I would suggest you get a suspension specialist to check your rear suspension first - see if there's any movement in bushes, etc - and particularly in the HICAS rear steering rack - this can and does happen, as it's a wearing part. If the HICAS steering rack is worn & has movement, it will basically like your rear wheels are loose and that can make the car particularly unsettled even at 60kph going over bumps (I've experienced this too).

Anyway, give that a shot first and see if you can rule things out - but there's plenty of things you can do once you've ruled that out.

  • 3 weeks later...

Got the HICAS lock bar installed and the car is worse than before, now happening bad at 80k's when going over a bumpy surface, can even do it at 60k's.

When my car was parked in my driveway I tried to push the rear from side to side but it had no give, it was solid as a rock.

Not sure if it's going to be a rear shock or maybe bushes?

It got aligned on Monday, thought they would pick something like that up when they were aligning it?

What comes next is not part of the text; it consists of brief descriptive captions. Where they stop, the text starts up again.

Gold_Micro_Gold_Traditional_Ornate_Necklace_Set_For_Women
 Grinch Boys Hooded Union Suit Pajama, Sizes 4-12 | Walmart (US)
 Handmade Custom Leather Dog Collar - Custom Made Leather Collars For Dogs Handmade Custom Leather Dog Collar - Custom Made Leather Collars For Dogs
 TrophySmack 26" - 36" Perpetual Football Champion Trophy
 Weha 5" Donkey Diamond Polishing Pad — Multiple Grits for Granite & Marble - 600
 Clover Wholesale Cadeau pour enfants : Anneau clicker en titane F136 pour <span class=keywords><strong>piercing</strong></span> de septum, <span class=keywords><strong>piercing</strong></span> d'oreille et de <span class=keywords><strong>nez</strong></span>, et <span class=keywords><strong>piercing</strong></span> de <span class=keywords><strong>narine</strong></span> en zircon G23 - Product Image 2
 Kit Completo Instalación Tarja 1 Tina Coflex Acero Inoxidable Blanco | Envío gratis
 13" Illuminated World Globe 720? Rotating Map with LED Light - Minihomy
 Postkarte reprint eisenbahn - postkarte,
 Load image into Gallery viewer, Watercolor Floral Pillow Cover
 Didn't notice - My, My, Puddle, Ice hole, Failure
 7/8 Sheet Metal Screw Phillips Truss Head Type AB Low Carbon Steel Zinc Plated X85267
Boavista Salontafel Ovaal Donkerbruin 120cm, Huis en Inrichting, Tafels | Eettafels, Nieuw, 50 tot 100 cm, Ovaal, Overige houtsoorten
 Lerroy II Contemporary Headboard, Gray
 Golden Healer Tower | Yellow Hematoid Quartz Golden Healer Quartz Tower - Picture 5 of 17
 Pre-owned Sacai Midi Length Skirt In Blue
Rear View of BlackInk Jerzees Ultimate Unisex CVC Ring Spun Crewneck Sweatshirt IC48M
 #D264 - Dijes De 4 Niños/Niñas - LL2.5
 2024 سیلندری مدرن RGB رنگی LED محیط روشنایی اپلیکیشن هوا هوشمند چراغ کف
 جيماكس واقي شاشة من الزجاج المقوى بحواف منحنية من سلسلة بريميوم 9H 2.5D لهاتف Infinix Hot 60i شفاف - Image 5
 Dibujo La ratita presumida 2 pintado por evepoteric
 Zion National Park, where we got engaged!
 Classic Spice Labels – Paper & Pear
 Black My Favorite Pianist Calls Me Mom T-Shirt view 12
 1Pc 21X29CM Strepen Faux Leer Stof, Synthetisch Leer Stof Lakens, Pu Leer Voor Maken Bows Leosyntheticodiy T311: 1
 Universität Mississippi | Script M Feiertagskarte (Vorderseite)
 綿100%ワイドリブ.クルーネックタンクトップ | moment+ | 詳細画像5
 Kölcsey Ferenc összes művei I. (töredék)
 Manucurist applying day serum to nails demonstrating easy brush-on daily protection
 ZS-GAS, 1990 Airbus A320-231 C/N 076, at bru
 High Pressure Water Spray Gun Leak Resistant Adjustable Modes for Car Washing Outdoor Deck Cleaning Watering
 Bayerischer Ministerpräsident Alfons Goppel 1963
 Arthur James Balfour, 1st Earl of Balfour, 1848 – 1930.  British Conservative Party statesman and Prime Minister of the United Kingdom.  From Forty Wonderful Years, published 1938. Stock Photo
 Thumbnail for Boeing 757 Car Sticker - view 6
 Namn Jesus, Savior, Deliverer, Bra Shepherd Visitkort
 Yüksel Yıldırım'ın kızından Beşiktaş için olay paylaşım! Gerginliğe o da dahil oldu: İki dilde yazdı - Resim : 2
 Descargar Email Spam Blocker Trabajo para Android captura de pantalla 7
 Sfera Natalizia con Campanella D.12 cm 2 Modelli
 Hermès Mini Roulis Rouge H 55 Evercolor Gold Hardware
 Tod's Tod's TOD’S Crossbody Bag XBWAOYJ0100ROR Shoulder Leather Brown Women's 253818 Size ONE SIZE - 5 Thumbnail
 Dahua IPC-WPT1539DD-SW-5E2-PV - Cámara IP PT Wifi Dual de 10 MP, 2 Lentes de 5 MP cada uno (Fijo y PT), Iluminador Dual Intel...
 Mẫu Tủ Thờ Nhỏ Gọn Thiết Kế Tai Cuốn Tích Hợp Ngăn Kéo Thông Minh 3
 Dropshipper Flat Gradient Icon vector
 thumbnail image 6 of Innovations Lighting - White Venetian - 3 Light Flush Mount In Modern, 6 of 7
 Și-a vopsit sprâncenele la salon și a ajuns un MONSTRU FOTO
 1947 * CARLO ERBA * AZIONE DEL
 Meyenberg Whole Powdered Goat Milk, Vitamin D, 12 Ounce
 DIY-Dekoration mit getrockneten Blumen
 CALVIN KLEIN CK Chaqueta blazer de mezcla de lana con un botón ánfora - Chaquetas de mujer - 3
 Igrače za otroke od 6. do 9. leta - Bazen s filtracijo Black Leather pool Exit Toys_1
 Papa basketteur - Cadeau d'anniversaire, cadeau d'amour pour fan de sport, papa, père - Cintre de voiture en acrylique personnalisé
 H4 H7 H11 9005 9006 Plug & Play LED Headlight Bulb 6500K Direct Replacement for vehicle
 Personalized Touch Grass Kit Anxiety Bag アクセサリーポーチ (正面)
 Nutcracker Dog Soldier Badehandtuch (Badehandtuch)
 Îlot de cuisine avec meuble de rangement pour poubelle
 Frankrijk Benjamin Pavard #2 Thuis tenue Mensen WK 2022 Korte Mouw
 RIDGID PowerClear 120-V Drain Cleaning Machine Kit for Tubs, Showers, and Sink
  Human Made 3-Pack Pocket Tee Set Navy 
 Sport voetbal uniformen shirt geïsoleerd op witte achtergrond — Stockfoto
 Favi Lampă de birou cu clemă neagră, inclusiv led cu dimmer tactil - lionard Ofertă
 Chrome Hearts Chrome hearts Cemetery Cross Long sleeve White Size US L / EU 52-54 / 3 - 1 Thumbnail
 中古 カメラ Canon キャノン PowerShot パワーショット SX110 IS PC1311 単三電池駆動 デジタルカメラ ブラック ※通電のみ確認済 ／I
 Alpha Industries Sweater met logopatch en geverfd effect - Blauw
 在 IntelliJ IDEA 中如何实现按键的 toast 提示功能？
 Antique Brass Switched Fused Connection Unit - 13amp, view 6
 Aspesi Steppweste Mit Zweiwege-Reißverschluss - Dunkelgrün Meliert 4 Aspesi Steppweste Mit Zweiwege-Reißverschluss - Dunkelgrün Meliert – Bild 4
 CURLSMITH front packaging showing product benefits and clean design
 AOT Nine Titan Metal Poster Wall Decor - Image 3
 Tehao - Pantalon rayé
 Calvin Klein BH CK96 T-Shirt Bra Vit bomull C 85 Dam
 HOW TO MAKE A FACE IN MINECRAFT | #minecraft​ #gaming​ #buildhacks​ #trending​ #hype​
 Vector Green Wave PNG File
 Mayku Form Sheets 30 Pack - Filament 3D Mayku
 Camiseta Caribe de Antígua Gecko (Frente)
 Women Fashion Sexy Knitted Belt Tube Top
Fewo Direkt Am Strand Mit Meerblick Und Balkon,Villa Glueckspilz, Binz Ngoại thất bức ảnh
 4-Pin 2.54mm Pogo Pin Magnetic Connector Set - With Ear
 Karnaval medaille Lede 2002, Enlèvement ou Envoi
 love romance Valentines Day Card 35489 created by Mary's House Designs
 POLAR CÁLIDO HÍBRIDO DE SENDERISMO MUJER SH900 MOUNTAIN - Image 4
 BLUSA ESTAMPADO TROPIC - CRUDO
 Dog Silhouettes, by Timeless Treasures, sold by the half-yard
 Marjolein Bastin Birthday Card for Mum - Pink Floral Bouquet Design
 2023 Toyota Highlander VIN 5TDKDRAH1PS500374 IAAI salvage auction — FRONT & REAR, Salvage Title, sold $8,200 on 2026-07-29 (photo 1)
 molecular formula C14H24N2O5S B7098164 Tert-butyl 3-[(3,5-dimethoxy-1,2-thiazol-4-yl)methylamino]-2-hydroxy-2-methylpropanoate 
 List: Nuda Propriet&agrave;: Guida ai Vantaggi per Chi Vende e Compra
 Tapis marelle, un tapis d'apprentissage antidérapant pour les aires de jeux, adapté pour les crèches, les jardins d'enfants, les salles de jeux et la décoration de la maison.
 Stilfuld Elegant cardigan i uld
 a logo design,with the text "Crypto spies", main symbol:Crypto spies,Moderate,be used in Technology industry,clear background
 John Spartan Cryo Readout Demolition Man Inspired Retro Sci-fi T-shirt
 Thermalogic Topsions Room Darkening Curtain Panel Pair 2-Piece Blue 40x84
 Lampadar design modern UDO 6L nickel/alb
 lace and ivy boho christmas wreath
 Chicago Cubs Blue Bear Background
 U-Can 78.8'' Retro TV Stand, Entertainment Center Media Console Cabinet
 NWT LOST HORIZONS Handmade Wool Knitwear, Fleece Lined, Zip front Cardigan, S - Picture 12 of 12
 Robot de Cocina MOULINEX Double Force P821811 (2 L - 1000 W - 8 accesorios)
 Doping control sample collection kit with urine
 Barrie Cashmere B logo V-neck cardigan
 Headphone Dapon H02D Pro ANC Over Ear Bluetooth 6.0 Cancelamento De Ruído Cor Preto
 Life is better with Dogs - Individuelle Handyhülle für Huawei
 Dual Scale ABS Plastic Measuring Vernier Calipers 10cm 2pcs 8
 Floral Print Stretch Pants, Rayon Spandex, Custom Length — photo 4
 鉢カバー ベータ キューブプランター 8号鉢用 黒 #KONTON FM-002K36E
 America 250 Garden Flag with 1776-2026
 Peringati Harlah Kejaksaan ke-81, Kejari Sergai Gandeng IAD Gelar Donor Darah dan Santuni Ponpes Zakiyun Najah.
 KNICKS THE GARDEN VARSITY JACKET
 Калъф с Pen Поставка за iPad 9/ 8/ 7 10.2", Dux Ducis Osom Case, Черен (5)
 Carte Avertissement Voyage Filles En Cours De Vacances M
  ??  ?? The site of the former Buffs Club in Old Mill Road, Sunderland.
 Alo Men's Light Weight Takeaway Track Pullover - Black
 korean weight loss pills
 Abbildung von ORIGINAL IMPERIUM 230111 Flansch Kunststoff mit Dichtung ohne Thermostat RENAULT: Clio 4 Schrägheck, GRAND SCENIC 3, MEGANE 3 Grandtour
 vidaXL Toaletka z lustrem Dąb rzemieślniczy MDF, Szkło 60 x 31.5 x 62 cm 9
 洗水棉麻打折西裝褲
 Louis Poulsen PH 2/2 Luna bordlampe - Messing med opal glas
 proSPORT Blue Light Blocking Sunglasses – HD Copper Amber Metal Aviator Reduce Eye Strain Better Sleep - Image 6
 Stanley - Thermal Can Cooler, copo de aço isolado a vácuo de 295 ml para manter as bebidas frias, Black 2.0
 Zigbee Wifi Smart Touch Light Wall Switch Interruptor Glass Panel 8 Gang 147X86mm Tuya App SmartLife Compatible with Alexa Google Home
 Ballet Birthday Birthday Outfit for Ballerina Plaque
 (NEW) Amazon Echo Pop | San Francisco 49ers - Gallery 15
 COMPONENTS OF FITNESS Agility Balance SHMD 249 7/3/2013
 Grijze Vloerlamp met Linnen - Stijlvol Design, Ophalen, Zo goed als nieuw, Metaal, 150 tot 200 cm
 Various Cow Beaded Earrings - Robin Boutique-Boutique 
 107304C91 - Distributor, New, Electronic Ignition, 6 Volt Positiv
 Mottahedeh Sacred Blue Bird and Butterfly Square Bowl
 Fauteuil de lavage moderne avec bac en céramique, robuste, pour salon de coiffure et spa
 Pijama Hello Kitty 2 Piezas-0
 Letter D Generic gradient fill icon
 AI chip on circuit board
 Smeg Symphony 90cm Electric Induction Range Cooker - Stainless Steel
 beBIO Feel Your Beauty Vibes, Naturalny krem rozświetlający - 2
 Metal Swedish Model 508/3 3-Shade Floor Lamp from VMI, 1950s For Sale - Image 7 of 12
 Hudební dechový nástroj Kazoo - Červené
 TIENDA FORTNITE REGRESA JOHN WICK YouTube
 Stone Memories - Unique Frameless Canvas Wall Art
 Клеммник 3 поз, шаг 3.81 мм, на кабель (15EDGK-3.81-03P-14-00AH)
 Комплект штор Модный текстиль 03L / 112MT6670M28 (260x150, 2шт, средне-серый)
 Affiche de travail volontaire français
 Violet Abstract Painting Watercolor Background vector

Trying to sell the car so gotta get it fixed ASAP.

Anyone have any advice?

What is the castor figure? Sounds like it started after they changed the bushes. You need max castor for straight line stability at speed 6deg or 7 deg. (usually only acheivable with adjustable arms although you can usually get a bit of adjustment with eccentric bushes). But from what you say it could be something coming adrift. Suspension shop should have checked all bolts for tightness and used a bar to check ball joints etc. A suspension shop should have a rig to test shocks or you can do it yourself. Walk around the car and push each corner down hard and let go. It should come up and stop. If it goes up and down even once the shock is shot. What is your warrant of fitness test like over there? In NZ the inspection usually picks up faulty ssupension items and a new wof will be good if you are selling.